Como anda: após 20 anos, pontos- chave do ECA aguardam regras claras

Texto ainda é vago sobre como garantir educação a menores infratores. Especialistas também afirmam que falta estrutura a conselhos tutelares
Vinte anos depois da sanção do Estatuto da Criança e do Adolescente (ECA), pontos considerados essenciais para garantir os direitos dos menores no Brasil ainda aguardam regulamentação. Para especialistas consultados pelo G1, a educação para menores infratores e o funcionamento dos conselhos tutelares são algumas das questões que demandam a criação de regras mais claras.

Sancionado em 13 de julho de 1990, o ECA é a regulamentação dos artigos 227 e 228 da Constituição que estabelece como "dever da família, da sociedade e do Estado assegurar, com absoluta prioridade, o direito à vida, à saúde, à alimentação, à educação, ao lazer, à profissionalização, à cultura, à dignidade, ao respeito, à liberdade e à convivência familiar e comunitária" - clique aqui para ler o ECA.

Regulamentar significa criar regras, por meio de uma nova lei, decretos ou resoluções, para possibilitar o cumprimento da legislação.

De acordo com Carmem Oliveira, subsecretária de Promoção dos Direitos da Criança e do Adolescente da Secretaria Especial dos Direitos Humanos da Presidência da República e presidente do Conselho Nacional dos Direitos da Criança e do Adolescente (Conanda), um dos principais pontos que ainda precisa ser regulamentado é como possibilitar a escolarização e profissionalização de menores infratores que estão internados em instituições.

Carmem afirmou que a criação do Sistema Nacional de Atendimento Socioeducativo (Sinase) está em discussão no Congresso. "Está bem próximo de ser concretizado, está passando sem modificações inclusive entre, digamos, defensores da redução da maioridade penal. (...) No ECA está muito vago, fala de direito a escola para menor internado, mas não diz que tipo de escola é. Isso está especificado no Sinase, que vincula a educação ao sistema formal de ensino com certificação do avanço da escolarização", explica.
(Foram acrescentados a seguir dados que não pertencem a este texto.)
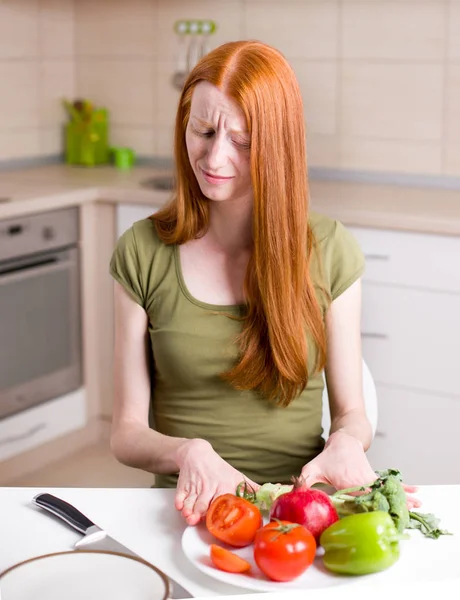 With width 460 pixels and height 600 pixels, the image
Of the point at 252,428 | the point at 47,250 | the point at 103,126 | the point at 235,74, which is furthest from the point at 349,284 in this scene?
the point at 103,126

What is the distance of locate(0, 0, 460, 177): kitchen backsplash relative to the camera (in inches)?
119

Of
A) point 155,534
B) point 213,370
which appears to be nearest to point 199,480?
point 155,534

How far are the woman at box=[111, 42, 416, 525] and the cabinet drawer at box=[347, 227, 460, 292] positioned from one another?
3.19 ft

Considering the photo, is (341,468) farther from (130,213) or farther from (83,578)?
(130,213)

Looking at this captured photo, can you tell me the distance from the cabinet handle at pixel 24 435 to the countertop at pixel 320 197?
70 centimetres

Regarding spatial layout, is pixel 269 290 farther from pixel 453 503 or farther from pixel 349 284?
pixel 453 503

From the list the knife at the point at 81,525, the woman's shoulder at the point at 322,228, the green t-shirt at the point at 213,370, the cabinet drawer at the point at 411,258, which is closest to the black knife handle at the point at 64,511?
the knife at the point at 81,525

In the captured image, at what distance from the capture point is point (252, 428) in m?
1.55

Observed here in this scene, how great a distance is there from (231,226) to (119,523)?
0.59 metres

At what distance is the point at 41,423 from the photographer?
3.08 m

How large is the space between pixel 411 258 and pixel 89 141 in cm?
150

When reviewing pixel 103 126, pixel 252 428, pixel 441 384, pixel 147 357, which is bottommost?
pixel 441 384

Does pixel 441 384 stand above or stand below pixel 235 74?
below

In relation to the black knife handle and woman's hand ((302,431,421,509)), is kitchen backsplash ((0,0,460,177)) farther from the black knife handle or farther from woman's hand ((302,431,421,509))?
the black knife handle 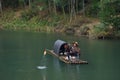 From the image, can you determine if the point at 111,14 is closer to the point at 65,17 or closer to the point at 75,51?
the point at 65,17

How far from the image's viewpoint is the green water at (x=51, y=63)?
3034 centimetres

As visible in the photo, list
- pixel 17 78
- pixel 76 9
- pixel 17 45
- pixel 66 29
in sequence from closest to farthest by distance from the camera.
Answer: pixel 17 78, pixel 17 45, pixel 66 29, pixel 76 9

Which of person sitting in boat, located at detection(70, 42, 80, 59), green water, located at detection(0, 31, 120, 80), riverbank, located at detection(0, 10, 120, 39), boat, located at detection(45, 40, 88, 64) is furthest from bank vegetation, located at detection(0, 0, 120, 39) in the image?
person sitting in boat, located at detection(70, 42, 80, 59)

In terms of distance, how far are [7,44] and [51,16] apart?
27731mm

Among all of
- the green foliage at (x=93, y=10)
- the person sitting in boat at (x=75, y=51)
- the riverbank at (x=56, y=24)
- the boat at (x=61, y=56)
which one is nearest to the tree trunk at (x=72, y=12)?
the riverbank at (x=56, y=24)

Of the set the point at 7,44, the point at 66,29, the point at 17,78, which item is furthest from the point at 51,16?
the point at 17,78

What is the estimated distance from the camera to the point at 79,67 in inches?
1323

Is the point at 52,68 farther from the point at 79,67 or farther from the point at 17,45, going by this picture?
the point at 17,45

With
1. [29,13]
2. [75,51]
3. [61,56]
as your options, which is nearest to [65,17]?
[29,13]

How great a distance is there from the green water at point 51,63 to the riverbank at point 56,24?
6.84 meters

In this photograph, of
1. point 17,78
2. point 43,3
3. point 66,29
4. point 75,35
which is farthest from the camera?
point 43,3

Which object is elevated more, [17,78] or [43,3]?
[43,3]

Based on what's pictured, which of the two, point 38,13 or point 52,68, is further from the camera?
point 38,13

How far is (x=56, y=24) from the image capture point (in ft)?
227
Somente na Câmara dos Deputados, tramitam 169 propostas que alteram o ECA, conforme a Agência Câmara. Entre elas, está a que institui o Sinase. O Sinase ainda precisa passar por comissões e pelo plenário do Senado. Se passar, será enviado à sanção presidencial.

A juíza Brigitte Remor de Souza May, que integra a diretoria da Associação Brasileira de Magistrados, Promotores de Justiça e Defensores Públicos da Infância e da Juventude (ABMP), disse que, desde 1990, já foram aprovadas oito leis que alteraram o ECA, sendo que a nova lei da adoção foi a que trouxe mais mudanças.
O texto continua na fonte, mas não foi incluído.